DATA TO PROCESS:

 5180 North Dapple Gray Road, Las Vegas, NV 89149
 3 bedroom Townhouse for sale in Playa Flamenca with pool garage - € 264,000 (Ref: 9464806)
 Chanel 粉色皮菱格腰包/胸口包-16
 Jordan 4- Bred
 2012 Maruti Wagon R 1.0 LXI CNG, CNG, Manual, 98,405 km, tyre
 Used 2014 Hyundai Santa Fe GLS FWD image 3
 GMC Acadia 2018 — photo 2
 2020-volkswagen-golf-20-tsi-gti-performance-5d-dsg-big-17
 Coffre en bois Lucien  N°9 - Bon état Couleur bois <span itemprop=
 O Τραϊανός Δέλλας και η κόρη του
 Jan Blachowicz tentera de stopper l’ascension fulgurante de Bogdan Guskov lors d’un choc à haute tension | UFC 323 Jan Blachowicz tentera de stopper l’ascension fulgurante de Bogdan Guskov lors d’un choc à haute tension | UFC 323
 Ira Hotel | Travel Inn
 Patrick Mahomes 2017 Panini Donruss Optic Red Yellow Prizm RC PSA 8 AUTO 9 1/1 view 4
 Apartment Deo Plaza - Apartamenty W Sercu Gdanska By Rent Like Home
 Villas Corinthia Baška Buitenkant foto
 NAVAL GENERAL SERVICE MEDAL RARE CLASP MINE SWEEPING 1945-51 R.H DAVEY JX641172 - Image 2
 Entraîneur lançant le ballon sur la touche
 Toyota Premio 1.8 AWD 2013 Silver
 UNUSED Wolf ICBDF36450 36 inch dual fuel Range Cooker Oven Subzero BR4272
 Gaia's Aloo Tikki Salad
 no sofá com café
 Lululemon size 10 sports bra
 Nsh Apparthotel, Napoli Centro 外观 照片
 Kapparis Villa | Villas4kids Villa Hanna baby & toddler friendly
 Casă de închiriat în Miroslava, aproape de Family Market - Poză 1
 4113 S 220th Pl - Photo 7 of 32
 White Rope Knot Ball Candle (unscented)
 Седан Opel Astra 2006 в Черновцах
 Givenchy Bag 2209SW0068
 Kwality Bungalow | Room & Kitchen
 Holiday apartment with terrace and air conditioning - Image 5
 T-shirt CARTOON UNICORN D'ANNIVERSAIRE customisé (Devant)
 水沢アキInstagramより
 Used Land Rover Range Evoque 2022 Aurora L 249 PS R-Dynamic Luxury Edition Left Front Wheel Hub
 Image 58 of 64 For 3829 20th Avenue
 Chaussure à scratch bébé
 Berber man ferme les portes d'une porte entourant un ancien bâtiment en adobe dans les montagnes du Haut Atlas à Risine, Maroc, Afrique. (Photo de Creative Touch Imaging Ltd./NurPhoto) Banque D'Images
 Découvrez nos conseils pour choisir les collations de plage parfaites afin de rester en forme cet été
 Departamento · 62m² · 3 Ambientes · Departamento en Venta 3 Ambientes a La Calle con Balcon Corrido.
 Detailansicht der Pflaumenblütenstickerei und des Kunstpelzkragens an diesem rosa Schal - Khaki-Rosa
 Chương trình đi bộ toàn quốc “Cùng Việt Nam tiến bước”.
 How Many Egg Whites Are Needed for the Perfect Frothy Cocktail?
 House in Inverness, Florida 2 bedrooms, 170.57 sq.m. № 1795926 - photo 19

TASK TO COMPLETE:
Going through the entries, return every line holding the word "with".

RESULT OF THIS EXERCISE:
 3 bedroom Townhouse for sale in Playa Flamenca with pool garage - € 264,000 (Ref: 9464806)
 Holiday apartment with terrace and air conditioning - Image 5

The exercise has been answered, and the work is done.